• [WORK TASK]:
What you return must match the records below exactly, apart from the omitted pictures.

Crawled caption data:
------------------------------------------------------------------------
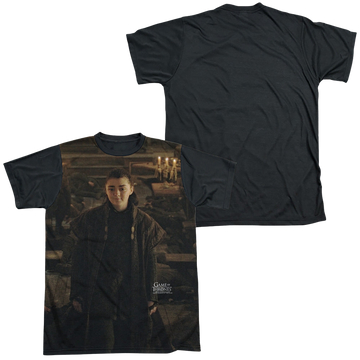 Game of Thrones Arya For The Throne men's black back t-shirt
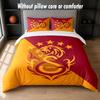 Galatasaray FC Design Bed Bedding Set 1 Duvet Cover + 2 Pillowcases Soft Breathable Household Bed Linens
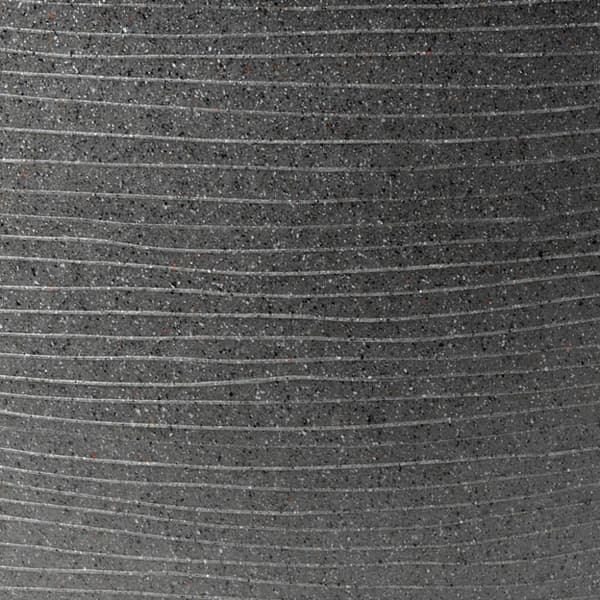 Capi Plantepotte Arc Granite konisk lav 60x48 cm antrasitt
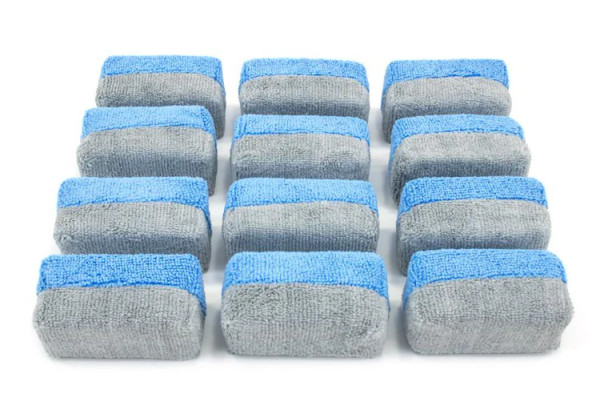 AutoFiber Saver Mini Applicator Terry | 12 Pack | Blue | The Clean Garage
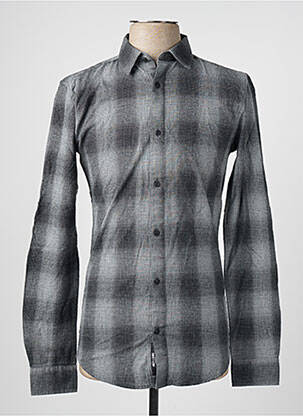 Chemise manches longues gris ONLY&SONS pour homme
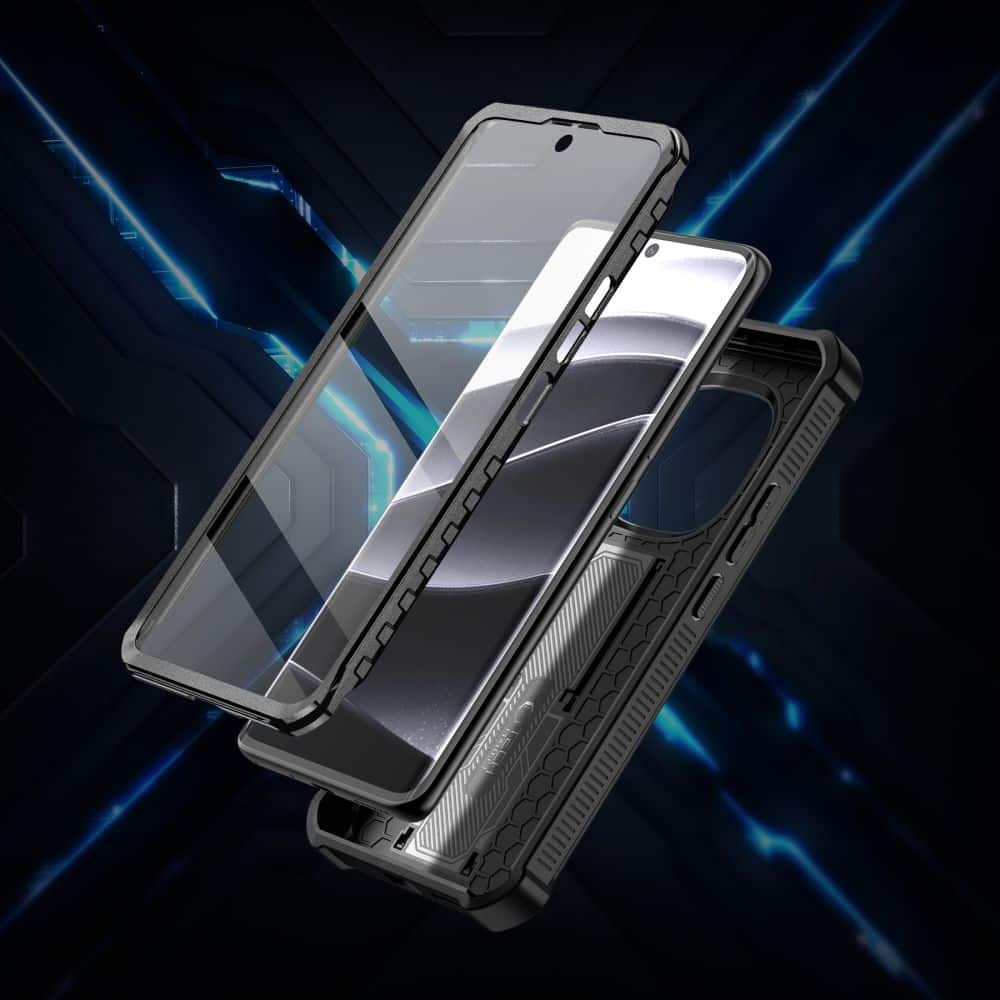 TECH-PROTECT KEVLAR PRO - θήκη για Xiaomi Redmi Note 14 Pro / Poco X7 - Μαύρο - Image 5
------------------------------------------------------------------------
• [EXERCISE SOLUTION]:
 Game of Thrones Arya For The Throne men's black back t-shirt
 Galatasaray FC Design Bed Bedding Set 1 Duvet Cover + 2 Pillowcases Soft Breathable Household Bed Linens
 Capi Plantepotte Arc Granite konisk lav 60x48 cm antrasitt
 AutoFiber Saver Mini Applicator Terry | 12 Pack | Blue | The Clean Garage
 Chemise manches longues gris ONLY&SONS pour homme
 TECH-PROTECT KEVLAR PRO - θήκη για Xiaomi Redmi Note 14 Pro / Poco X7 - Μαύρο - Image 5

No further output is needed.